Located within the Tuscarora Indian Reservation, the Native American Museum of Art land is a priceless treasury of Iroquois culture and traditions. This unique art museum is an easily overlooked gem sitting smack-dab in the middle of Smokin’ Joe’s Trading Post, a Native-owned pit stop known for its cheap gas and tobacco, about 10 minutes from downtown Niagara Falls.
The museum, known as NAMA, was founded in 2000 by members of the Tuscarora tribe. The Tuscarora are part of the Six Nations Iroquois alliance that once inhabited much of present-day New York, and counts the Mohawk and Seneca among members. Much of that territory shifted, morphed, shrunk, and evaporated over the centuries. But Iroquois today thrive across western New York, and Native American culture anchors the iconography of Niagara Falls.

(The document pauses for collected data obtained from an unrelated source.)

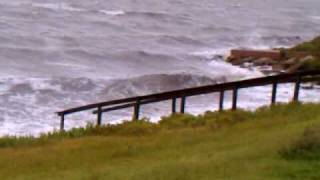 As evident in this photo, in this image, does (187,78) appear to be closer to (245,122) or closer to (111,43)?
(111,43)

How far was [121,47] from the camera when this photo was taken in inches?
1781

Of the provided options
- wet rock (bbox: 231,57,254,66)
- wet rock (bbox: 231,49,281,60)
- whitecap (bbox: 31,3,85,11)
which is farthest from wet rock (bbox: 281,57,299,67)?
whitecap (bbox: 31,3,85,11)

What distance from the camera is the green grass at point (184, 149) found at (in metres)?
10.1

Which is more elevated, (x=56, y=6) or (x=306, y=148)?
(x=306, y=148)

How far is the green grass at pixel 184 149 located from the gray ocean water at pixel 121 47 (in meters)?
6.14

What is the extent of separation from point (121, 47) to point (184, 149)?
32.5 metres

At the museum, you’ll find reproductions of maps tracing the bounds of the Iroquois and other tribes, mapping their original lands before forced resettlement. There is also a fine-art collection of sculpture, paintings, and rare antiques. The highlight at NAMA is the permanent exhibit, which displays the soapstone carvings of renowned Tuscarora artist Joseph Jacobs.
Jacobs’ pixel-precise sculptures carved from soapstone are breathtaking in detail and profound in depth, touching on elements of Iroquois society, myth, and local lore. His intricate work blends classical skill and provocative commentary, contrasting stark naked truth with exquisite embellishing texture.

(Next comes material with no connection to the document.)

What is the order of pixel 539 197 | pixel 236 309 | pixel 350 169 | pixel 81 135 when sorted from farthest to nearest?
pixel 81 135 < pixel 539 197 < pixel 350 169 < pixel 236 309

In a piece called “Keeper of the Four Winds,” Jacobs’ knife liberates the tale of Iroquois spiritual being Gah-Hah, who controls the whim of nature. Astonishing plumes of white hair/ocean/cloud/fire bloom from the black soft face of Gah-Hah. Out of those astonishing plumes rises another Gah-Hah, and so forth.
Maybe most staggering is the incredibly ornate depiction of the famous Niagara Falls legend, “Maid of the Mist.” The portrayal is a three-dimensional opus to sculpture, channeling multiple narrative themes in a carousel of storytelling. Like all the pieces, there is a brochure underneath explaining the significance of the artwork.
Know Before You Go
NAMA is open seven days a week and is free to the public. Audio-listening tours are also available.